La thématique du court-circuitage ou de l’élimination des institutions de l’Etat-nation a rythmé toute la conférence. Le maire de Denver, Wellington E. Webb, a ainsi déclaré : « Si le XIXème siècle a été celui des empires et le XXème celui des Etats-nations, le XXIème sera le siècle des villes ». Norbert Gansel, le maire de Kiel, ville portuaire d’Allemagne du nord, a souligné pour sa part le fait évident que les villes n’ont pas « assez d’argent » pour résoudre les problèmes sociaux. Doit-on en conclure pour autant qu’il faille faire appel à des entreprises privées qui vont les piller ?

Berlin 2001, Washington 2002

La deuxième rencontre organisée par New Traditions Network se tint à Berlin du 20 au 22 mai 2001 sur le thème « l’Immigration à l’ère de la mondialisation, l’avenir du logement et le développement des transports ». Baptisée « Sommet international sur le terrorisme et le tourisme », la Conférence des maires américains à Washington en avril 2002, sept mois après le 11 septembre, avait attiré de nombreux maires du monde entier.

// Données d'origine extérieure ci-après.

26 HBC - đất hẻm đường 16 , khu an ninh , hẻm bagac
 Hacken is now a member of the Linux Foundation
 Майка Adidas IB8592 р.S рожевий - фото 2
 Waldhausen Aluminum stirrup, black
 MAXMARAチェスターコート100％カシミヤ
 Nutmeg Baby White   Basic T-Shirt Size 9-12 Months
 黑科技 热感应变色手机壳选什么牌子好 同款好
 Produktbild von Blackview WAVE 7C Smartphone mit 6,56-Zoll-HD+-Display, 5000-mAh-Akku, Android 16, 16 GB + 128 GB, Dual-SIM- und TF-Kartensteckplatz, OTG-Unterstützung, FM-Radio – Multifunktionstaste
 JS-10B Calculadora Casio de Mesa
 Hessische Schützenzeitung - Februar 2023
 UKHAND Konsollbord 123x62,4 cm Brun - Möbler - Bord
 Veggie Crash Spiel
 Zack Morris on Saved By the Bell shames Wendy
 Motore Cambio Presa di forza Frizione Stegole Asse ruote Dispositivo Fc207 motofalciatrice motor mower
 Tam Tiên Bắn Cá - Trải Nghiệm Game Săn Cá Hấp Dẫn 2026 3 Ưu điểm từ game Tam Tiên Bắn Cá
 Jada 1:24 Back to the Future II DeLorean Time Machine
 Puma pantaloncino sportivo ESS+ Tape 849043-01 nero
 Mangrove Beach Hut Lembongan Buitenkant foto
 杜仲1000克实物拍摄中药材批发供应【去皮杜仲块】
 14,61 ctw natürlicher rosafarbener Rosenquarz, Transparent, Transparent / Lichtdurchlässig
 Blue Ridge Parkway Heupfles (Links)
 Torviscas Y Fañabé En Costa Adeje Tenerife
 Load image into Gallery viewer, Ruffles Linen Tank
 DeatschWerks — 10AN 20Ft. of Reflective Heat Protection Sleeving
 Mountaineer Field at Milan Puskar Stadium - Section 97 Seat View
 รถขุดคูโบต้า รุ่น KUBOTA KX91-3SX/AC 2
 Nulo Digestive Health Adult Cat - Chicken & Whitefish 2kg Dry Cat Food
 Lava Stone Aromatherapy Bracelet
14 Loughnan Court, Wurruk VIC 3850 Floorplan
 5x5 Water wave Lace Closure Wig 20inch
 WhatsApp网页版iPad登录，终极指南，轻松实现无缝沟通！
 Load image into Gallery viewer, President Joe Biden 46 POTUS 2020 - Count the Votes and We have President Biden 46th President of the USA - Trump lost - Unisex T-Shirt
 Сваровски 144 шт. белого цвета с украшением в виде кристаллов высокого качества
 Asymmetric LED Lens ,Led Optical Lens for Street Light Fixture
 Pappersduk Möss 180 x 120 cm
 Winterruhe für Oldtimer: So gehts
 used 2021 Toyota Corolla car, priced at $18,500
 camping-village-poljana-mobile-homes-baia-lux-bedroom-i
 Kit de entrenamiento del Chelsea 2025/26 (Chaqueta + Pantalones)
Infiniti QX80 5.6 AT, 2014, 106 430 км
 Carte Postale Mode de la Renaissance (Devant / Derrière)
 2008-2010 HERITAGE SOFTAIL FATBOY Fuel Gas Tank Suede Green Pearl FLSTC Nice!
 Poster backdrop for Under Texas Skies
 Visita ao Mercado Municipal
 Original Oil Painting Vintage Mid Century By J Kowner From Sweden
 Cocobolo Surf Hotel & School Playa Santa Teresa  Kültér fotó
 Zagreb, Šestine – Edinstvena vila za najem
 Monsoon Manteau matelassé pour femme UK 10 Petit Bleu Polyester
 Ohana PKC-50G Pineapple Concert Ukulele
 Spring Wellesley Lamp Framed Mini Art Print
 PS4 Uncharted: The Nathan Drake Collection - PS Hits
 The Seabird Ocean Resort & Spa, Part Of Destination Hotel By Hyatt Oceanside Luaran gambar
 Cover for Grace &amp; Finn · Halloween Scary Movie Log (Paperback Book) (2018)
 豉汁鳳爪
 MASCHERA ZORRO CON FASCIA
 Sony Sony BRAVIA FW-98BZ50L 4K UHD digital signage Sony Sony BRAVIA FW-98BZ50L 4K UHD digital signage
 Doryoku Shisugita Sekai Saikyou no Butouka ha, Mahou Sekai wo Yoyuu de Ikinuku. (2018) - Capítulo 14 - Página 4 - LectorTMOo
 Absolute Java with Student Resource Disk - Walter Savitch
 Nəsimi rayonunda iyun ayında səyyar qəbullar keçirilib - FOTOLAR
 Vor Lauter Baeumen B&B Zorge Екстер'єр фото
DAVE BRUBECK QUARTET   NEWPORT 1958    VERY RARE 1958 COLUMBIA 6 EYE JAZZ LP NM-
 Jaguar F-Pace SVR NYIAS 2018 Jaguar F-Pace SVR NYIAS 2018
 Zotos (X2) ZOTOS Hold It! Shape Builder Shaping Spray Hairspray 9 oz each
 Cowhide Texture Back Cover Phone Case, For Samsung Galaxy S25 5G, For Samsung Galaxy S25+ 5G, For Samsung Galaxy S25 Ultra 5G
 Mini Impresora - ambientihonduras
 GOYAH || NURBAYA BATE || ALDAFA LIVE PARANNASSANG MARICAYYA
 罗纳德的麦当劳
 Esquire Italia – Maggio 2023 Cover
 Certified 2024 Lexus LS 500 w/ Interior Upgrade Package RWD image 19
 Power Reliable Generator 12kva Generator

L’année suivante, la Seconde conférence internationale des maires s’est déroulée à Denver du 5 au 8 juin, sur le thème du développement durable et des villes. Il s’agissait, apparemment, de la dernière rencontre dans ce cadre institutionnel. A la réunion plénière du Conseil pour les Maires et les Entreprises, a pris la parole Howard Meanker, directeur des affaires publiques de la société Bechtel de George Shultz. Parmi d’autres intervenants notables, signalons Maury Myers, président et PDG de Waste Management (la société parrainant cette rencontre), l’ambassadeur australien aux Etats-Unis, Michael Thawley, le vice-président de DuPont, Stacey Mobley, le vice-président et directeur général du groupe U.S. Filter Services et le maire de Détroit, Kwame Kilpatrick, président du « Conseil pour les Investissements dans la nouvelle ville américaine ». Etaient également présents des représentants du Japon, de la Corée, de l’Afrique et des Nations Unies. De nombreux maires de villes en faillite sont attirés par les « partenariats public-privé (PPP) », pensant que cela vaut mieux qu’une privatisation pure et simple, que les méthodes de gestion « privées » fonctionnent, puisque les entreprises impliquées dans ce processus font tant d’argent. Qu’ils se gardent de suivre cette logique, car il y a une différence de principe fondamentale : la mission première de toute municipalité est de défendre l’intérêt général et le développement des gens.